§ **WORK INSTRUCTIONS**: Once the line holding "The most known" is found in the entries below, transcribe exactly every line up to and including the one holding "Hi everyone! Welcome", but leave out the pictures.

§ **Saved entries**:
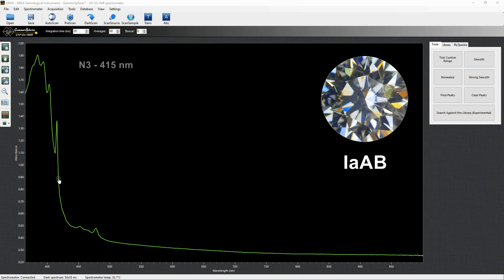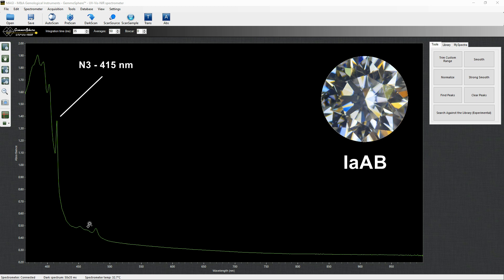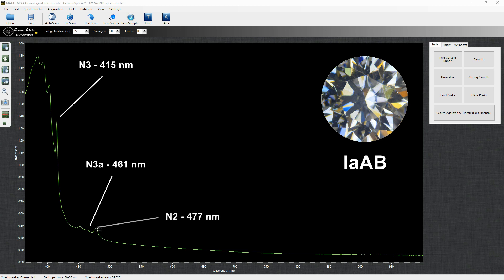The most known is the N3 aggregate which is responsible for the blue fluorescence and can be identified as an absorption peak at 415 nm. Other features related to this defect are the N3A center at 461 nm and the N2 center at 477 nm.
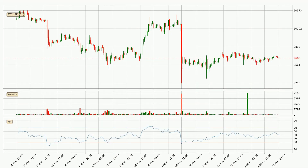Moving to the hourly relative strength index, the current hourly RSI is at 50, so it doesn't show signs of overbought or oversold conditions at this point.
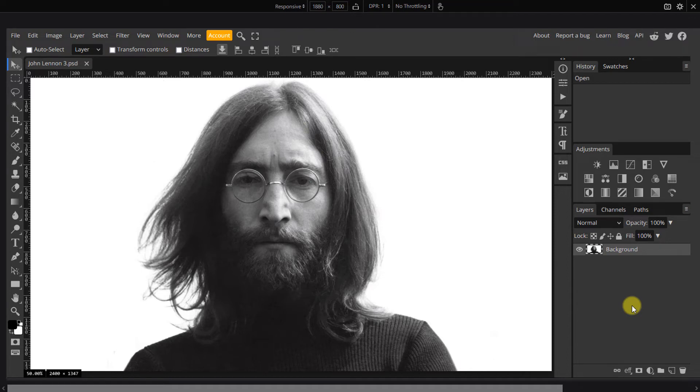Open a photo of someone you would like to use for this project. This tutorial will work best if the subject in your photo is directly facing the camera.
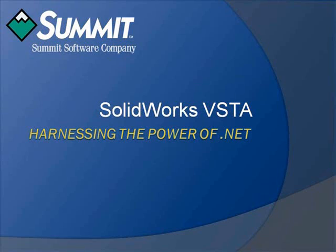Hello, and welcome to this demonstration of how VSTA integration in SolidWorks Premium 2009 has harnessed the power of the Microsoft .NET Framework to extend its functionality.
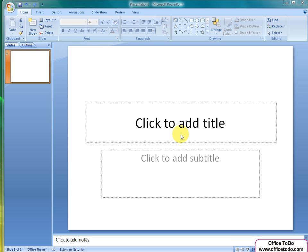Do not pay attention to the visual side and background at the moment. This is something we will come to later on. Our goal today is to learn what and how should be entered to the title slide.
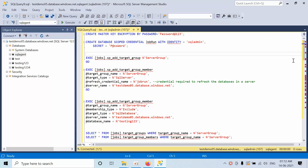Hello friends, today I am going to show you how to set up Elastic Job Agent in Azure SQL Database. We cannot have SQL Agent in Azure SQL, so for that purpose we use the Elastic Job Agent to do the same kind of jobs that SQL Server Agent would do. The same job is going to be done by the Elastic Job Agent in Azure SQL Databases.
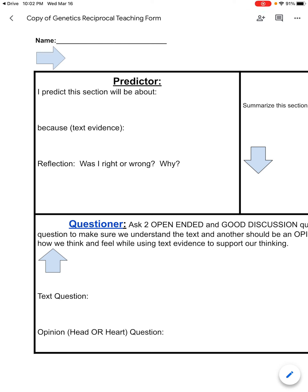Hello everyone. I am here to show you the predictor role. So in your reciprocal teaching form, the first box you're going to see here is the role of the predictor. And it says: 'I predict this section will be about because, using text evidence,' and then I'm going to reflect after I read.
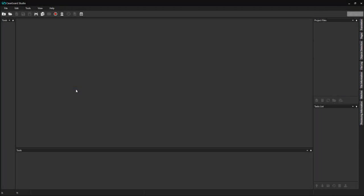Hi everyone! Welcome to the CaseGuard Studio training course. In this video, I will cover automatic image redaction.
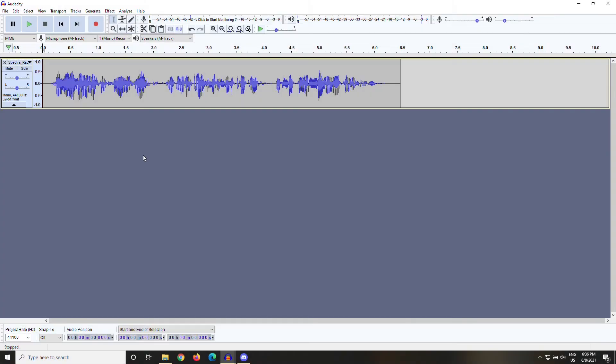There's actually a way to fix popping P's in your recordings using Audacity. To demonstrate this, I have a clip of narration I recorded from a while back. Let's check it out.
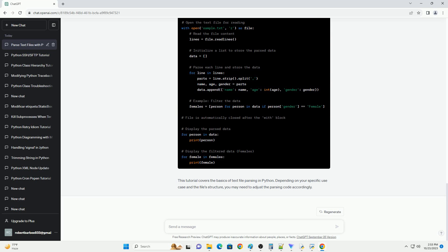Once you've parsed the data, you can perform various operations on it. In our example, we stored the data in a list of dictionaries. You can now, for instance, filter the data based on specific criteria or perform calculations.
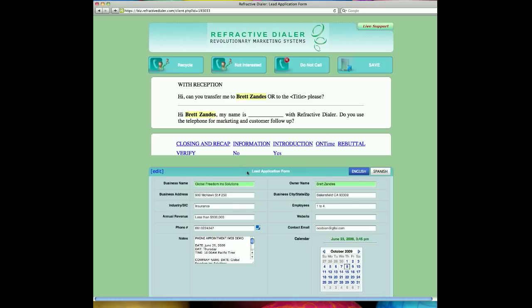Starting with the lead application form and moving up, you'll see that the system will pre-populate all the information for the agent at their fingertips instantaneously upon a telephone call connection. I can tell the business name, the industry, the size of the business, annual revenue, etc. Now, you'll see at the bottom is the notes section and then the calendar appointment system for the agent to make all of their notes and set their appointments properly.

...

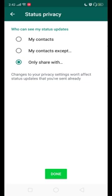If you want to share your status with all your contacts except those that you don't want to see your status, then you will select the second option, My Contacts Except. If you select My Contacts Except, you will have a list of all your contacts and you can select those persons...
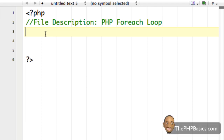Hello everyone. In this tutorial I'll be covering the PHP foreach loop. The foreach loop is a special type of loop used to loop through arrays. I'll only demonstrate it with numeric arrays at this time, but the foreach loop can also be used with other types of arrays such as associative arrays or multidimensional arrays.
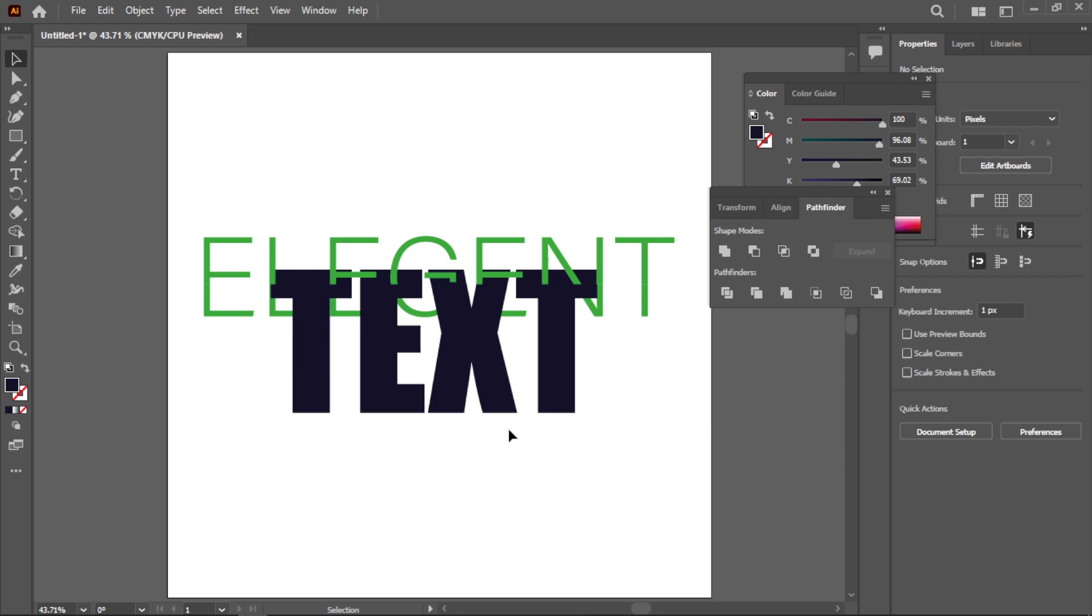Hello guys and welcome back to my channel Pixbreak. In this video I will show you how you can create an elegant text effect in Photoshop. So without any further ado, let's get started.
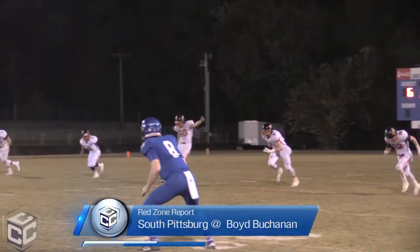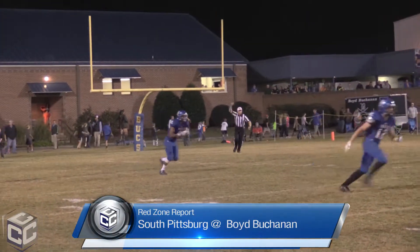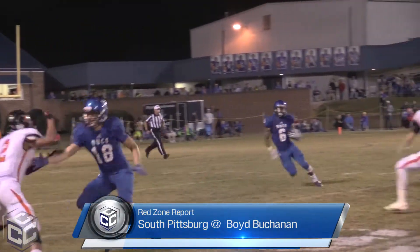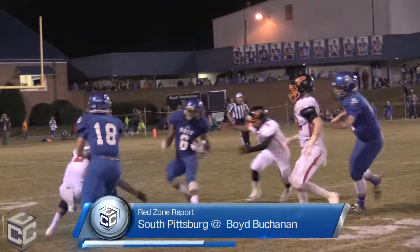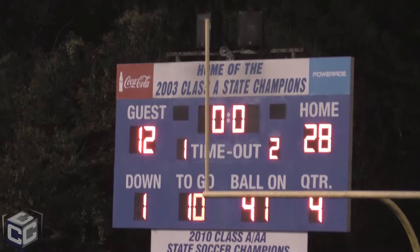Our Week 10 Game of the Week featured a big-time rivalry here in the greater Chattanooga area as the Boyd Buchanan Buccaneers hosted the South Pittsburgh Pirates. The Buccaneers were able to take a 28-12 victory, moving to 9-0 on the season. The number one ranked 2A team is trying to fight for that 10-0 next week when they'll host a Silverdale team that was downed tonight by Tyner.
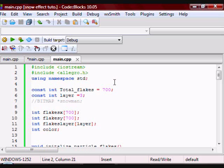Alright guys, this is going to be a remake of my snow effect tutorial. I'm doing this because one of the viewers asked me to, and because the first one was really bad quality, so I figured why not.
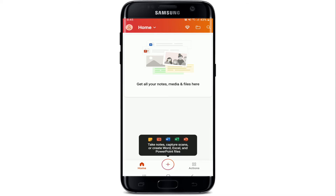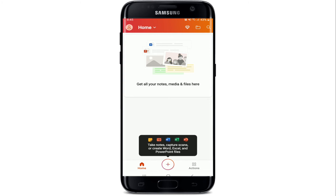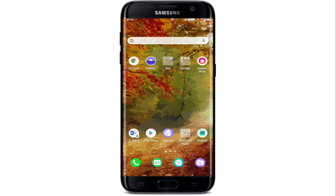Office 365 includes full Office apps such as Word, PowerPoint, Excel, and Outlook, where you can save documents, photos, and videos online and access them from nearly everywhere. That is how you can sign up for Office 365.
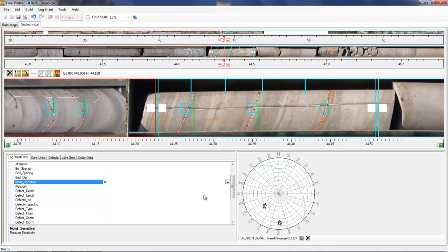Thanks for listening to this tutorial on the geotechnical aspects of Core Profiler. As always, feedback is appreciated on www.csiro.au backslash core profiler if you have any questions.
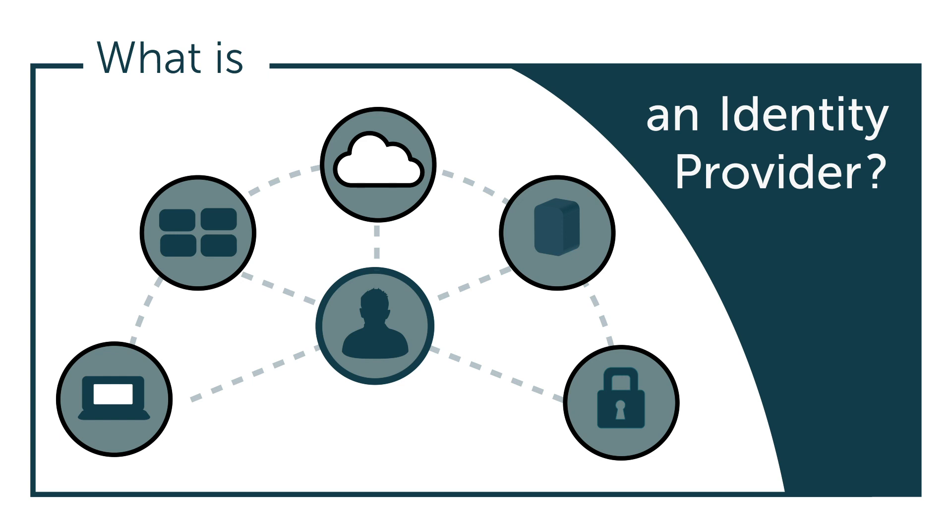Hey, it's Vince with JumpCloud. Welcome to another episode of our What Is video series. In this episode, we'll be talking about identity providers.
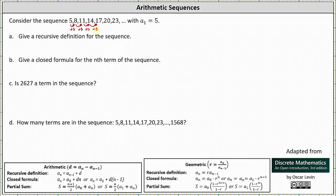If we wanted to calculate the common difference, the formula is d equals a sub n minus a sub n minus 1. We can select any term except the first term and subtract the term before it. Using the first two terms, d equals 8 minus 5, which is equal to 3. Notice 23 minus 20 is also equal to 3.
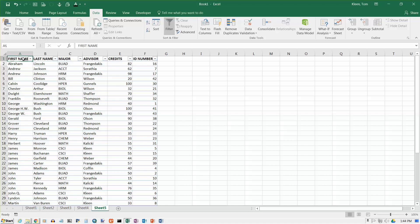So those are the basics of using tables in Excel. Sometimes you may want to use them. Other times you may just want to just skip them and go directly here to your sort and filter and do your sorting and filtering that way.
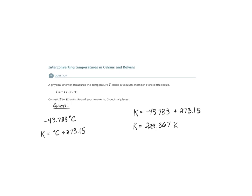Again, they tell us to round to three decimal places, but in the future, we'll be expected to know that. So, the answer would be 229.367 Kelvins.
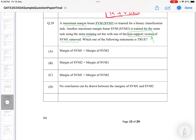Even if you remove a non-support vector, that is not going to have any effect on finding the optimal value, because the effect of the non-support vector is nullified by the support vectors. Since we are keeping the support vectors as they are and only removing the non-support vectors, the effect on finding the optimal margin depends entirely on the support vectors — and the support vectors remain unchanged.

§ **EXERCISE SOLUTION**:
The most known is the N3 aggregate which is responsible for the blue fluorescence and can be identified as an absorption peak at 415 nm. Other features related to this defect are the N3A center at 461 nm and the N2 center at 477 nm.
Moving to the hourly relative strength index, the current hourly RSI is at 50, so it doesn't show signs of overbought or oversold conditions at this point.
Open a photo of someone you would like to use for this project. This tutorial will work best if the subject in your photo is directly facing the camera.
Hello, and welcome to this demonstration of how VSTA integration in SolidWorks Premium 2009 has harnessed the power of the Microsoft .NET Framework to extend its functionality.
Do not pay attention to the visual side and background at the moment. This is something we will come to later on. Our goal today is to learn what and how should be entered to the title slide.
Hello friends, today I am going to show you how to set up Elastic Job Agent in Azure SQL Database. We cannot have SQL Agent in Azure SQL, so for that purpose we use the Elastic Job Agent to do the same kind of jobs that SQL Server Agent would do. The same job is going to be done by the Elastic Job Agent in Azure SQL Databases.
Hello everyone. I am here to show you the predictor role. So in your reciprocal teaching form, the first box you're going to see here is the role of the predictor. And it says: 'I predict this section will be about because, using text evidence,' and then I'm going to reflect after I read.
Hi everyone! Welcome to the CaseGuard Studio training course. In this video, I will cover automatic image redaction.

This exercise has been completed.